● **What you need to do**
The data must be copied over exactly and in full.

Dataset records
== Segment start ==

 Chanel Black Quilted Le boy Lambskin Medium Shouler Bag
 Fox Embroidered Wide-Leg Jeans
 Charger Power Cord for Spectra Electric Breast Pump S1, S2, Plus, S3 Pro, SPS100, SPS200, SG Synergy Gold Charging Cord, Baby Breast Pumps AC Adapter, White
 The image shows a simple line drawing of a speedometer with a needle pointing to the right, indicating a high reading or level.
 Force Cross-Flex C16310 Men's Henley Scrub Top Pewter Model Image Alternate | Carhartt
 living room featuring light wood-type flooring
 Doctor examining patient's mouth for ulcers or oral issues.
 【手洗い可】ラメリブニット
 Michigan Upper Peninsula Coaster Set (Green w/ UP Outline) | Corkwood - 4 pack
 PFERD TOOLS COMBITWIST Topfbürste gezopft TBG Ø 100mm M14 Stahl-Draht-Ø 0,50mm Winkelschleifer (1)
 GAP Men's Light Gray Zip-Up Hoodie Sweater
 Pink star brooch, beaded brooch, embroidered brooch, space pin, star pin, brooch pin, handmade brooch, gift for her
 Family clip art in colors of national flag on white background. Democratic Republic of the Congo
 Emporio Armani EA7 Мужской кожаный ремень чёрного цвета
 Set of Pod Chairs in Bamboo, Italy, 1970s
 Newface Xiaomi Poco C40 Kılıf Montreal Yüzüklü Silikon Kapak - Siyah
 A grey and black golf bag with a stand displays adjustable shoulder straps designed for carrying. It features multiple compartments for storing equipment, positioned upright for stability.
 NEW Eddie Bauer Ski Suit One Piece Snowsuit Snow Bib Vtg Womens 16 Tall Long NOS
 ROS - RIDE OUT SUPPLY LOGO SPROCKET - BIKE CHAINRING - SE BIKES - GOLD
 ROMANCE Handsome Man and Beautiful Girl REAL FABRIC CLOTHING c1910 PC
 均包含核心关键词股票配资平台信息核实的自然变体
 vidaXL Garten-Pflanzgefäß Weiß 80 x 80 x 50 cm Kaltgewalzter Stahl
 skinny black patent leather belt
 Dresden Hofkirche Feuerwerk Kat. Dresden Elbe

== Segment end ==

● **Solution to this problem**
 Chanel Black Quilted Le boy Lambskin Medium Shouler Bag
 Fox Embroidered Wide-Leg Jeans
 Charger Power Cord for Spectra Electric Breast Pump S1, S2, Plus, S3 Pro, SPS100, SPS200, SG Synergy Gold Charging Cord, Baby Breast Pumps AC Adapter, White
 The image shows a simple line drawing of a speedometer with a needle pointing to the right, indicating a high reading or level.
 Force Cross-Flex C16310 Men's Henley Scrub Top Pewter Model Image Alternate | Carhartt
 living room featuring light wood-type flooring
 Doctor examining patient's mouth for ulcers or oral issues.
 【手洗い可】ラメリブニット
 Michigan Upper Peninsula Coaster Set (Green w/ UP Outline) | Corkwood - 4 pack
 PFERD TOOLS COMBITWIST Topfbürste gezopft TBG Ø 100mm M14 Stahl-Draht-Ø 0,50mm Winkelschleifer (1)
 GAP Men's Light Gray Zip-Up Hoodie Sweater
 Pink star brooch, beaded brooch, embroidered brooch, space pin, star pin, brooch pin, handmade brooch, gift for her
 Family clip art in colors of national flag on white background. Democratic Republic of the Congo
 Emporio Armani EA7 Мужской кожаный ремень чёрного цвета
 Set of Pod Chairs in Bamboo, Italy, 1970s
 Newface Xiaomi Poco C40 Kılıf Montreal Yüzüklü Silikon Kapak - Siyah
 A grey and black golf bag with a stand displays adjustable shoulder straps designed for carrying. It features multiple compartments for storing equipment, positioned upright for stability.
 NEW Eddie Bauer Ski Suit One Piece Snowsuit Snow Bib Vtg Womens 16 Tall Long NOS
 ROS - RIDE OUT SUPPLY LOGO SPROCKET - BIKE CHAINRING - SE BIKES - GOLD
 ROMANCE Handsome Man and Beautiful Girl REAL FABRIC CLOTHING c1910 PC
 均包含核心关键词股票配资平台信息核实的自然变体
 vidaXL Garten-Pflanzgefäß Weiß 80 x 80 x 50 cm Kaltgewalzter Stahl
 skinny black patent leather belt
 Dresden Hofkirche Feuerwerk Kat. Dresden Elbe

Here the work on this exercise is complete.